Sallusti: lettere dal carcere

Ho sentito il bisogno di scrivere queste poche righe sulla vicenda del direttore de «Il Giornale», Alessandro Sallusti con l’intenzione di esprimere un po’ di solidarietà, visto che nel suo ambito lavorativo non sembrava averne avuta tanta. Più per umanità che per convinzione. Poi, in una sorta di moto di indignazione, mi è sorto qualche interrogativo.

Sallusti non mi è particolarmente simpatico e, diciamolo, delle due tipologie di antipatici lui appartiene a quella degli antipatici-antipatici; quella che consente agli antipatici-simpatici di paragonarlo, ironicamente, a Nosferatu il vampiro.

In un epoca in cui i celebri non-morti sono diventati l’icona del bel tenebroso – grazie anche ai belli del cinema che negli ultimi anni li hanno impersonati – per lui si continua a rispolverare la generazione dei Max Schreck, dei Bela Lugosi. Chi è disposto a dare la propria solidarietà a Massimo Spavento?

Ora, più convintamene di quanto mi aspettassi da me, eccomi!

Il primo sobbalzo – la mia sedia può testimoniarlo – è nato come istintiva reazione alle parole dell’ex magistrato Bruno Tinti che, il 2 dicembre 2012, intervistato da «Il Messaggero» ha dichiarato: «Nei confronti di Sallusti c’è una condanna della Cassazione. Ha mentito, si è rifiutato di pubblicare una smentita sul suo giornale e si è difeso sostenendo tesi ridicole. Di giornalisti finiti in prigione per diffamazione ce ne sono stati due in cinquant’anni di storia, Guareschi e Iannuzzi. Ciò dimostra che il problema non c’è. L’intera vicenda è una speculazione fatta da Sallusti, che ha la sindrome del condannato, insieme a tutta la casta che gli gira attorno».
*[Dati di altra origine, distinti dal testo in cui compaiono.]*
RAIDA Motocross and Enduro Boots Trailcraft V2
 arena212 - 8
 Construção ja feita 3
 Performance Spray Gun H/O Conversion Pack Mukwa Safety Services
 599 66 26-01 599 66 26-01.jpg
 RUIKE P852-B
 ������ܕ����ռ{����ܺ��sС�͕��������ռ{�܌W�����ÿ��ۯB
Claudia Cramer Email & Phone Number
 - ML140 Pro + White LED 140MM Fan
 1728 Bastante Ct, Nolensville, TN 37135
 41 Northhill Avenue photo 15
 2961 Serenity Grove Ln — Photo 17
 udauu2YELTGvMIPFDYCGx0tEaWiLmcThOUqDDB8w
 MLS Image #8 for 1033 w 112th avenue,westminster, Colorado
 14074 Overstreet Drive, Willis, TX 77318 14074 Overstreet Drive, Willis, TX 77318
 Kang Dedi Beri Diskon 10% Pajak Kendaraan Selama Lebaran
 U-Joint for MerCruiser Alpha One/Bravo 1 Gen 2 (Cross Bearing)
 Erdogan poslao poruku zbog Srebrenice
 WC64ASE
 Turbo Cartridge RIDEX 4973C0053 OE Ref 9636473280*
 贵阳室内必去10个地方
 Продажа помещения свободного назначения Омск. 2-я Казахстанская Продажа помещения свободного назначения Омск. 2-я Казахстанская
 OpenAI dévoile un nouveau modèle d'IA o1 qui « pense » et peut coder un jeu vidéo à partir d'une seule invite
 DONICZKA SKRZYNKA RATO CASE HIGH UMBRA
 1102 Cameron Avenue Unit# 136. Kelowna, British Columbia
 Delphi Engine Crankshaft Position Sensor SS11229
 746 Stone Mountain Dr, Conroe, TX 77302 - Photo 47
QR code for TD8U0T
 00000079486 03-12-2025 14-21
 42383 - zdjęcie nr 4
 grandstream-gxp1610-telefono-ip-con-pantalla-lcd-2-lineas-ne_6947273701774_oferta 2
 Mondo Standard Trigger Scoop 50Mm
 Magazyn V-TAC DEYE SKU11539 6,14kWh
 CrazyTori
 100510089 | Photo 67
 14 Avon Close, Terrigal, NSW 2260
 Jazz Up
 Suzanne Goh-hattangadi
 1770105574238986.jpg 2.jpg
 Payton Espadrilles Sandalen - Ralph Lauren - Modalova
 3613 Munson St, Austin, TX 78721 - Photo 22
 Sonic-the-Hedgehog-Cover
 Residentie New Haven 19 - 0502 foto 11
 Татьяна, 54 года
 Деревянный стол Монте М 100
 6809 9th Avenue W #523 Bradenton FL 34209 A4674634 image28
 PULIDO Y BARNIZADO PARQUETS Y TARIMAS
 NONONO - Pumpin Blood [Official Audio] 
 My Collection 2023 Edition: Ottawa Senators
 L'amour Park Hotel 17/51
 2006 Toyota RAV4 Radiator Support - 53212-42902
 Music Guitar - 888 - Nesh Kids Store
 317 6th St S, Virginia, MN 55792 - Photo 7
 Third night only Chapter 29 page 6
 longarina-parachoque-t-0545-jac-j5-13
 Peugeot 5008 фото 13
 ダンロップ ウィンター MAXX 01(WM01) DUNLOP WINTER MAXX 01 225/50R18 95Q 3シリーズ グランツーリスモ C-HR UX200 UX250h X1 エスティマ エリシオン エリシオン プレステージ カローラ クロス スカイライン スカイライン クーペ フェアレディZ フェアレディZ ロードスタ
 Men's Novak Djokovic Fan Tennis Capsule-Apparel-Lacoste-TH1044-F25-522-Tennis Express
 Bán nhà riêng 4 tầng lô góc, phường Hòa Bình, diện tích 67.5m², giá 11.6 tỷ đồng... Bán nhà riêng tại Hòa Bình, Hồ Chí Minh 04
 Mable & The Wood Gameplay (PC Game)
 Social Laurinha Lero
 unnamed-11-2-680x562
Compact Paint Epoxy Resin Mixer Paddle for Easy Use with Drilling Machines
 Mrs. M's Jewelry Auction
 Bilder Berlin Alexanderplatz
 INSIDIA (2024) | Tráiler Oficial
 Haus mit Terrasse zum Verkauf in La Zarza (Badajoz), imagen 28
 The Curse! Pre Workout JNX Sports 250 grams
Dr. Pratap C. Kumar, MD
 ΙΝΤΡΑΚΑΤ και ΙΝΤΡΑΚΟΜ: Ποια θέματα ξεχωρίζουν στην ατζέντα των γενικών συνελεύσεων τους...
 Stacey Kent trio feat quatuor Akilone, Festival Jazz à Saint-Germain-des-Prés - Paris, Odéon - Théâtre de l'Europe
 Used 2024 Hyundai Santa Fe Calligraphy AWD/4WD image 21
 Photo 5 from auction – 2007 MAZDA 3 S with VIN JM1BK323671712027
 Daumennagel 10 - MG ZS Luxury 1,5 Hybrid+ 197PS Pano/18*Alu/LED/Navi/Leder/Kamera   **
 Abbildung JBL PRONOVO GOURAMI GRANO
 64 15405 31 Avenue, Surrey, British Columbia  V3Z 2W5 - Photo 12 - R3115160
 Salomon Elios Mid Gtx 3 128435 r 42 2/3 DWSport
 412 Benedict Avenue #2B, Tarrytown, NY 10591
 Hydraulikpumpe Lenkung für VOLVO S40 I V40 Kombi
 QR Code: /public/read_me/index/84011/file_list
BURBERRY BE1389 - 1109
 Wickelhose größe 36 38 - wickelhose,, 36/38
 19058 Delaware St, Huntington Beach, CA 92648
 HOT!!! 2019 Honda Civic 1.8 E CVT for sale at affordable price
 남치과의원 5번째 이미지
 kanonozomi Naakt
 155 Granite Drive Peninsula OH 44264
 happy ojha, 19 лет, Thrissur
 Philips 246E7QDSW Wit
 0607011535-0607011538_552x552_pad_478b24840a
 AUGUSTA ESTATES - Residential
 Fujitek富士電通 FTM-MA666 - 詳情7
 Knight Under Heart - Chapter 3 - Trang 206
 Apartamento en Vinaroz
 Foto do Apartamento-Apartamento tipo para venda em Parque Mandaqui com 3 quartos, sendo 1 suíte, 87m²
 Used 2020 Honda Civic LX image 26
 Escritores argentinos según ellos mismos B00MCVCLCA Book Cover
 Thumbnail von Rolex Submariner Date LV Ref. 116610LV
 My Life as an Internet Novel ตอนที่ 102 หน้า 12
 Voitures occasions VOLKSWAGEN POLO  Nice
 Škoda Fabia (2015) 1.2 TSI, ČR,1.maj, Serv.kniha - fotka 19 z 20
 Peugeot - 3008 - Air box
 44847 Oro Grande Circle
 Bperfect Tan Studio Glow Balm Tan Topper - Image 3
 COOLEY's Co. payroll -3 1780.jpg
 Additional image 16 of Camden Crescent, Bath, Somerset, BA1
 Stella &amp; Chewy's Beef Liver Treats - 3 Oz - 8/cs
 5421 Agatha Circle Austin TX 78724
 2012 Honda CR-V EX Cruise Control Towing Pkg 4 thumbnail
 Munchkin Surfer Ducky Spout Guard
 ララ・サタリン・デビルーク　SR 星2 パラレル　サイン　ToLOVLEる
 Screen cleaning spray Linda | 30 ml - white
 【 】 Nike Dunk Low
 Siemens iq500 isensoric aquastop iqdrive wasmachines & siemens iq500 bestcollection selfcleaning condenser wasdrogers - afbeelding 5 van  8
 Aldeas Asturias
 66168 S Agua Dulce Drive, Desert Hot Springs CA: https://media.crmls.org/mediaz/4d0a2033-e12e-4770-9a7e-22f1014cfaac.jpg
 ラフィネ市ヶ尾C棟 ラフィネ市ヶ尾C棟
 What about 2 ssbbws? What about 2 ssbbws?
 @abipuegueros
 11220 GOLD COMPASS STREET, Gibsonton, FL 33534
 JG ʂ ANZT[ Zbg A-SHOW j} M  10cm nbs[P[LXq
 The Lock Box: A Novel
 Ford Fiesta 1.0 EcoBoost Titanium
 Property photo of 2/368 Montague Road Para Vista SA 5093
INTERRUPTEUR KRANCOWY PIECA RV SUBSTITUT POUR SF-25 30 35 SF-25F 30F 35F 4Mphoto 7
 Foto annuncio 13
Che si tratti di sindrome del condannato o di una vera e propria battaglia per la libertà d’informazione, sostenere che in cinquant’anni solo due giornalisti sono finiti in prigione per diffamazione dimostri «che il problema non c’è» non mi pare così tranquillizzante; anzi, mi fa venire il dubbio che il problema esista eccome. Una tragedia è una tragedia aldilà del numero delle vittime.

A confermarmi nella convinzione che la discussione riguarda una questione concreta si è poi aggiunto il tweet del portavoce del Quirinale, Pasquale Cascella: «Il Presidente considera tutte le ipotesi del caso, particolarmente complesso, che richiede responsabilità da tutti».

«Tutte le ipotesi», quindi anche la grazia? Sì, è vero, non sarebbe altro che un ricorso ad una delle prerogative che la Costituzione riconosce al Presidente della Repubblica; ma che, ad un battito di ciglia dall’arresto del direttore, può suonare anche come un intervento politico, una vera e propria presa di posizione. Quantomeno un rimprovero al Parlamento che non è riuscito in questi giorni ad approvare una legge su questo delicato argomento.

Nulla però mi aveva sconvolto quanto la rassegna stampa odierna (3 dicembre 2012): un articolo firmato dal direttore Sallusti che, nonostante sia agli arresti domiciliari, continua ad avere contatti con la sua redazione, a svolgere la propria attività.

Priviamo una persona della libertà a causa di una condanna per diffamazione aggravata, per un articolo del 2007 (quando era direttore responsabile di «Libero»), ma gli permettiamo di continuare a svolgere l’attività che ha reso necessario il provvedimento? Purché tenga le pantofole!

Signori, non è più una questione di Sallusti: si tratta di credibilità, e quei rudimenti di economia e di funzionamento dei mercati finanziari che in questo momento di crisi siamo stati, nostro malgrado, costretti a mandar giù ci hanno insegnato quanto questa sia fondamentale.

Siamo tutti seduti sopra un immensa cassa di banane, ed il rischio è quello più alto. Vietato perdere la faccia.

One thought on “Sallusti: lettere dal carcere”

  1. Ippoliti Bruno

    Da tempo ritengo che i giudici siano eletti democraticamente dal popolo. Il buon senso non si acquista con gli anni di studio. Dare quindi più pogtere alle giurie popolari. E’ troppo? Approvo in pieno il critico Roberto Rossi.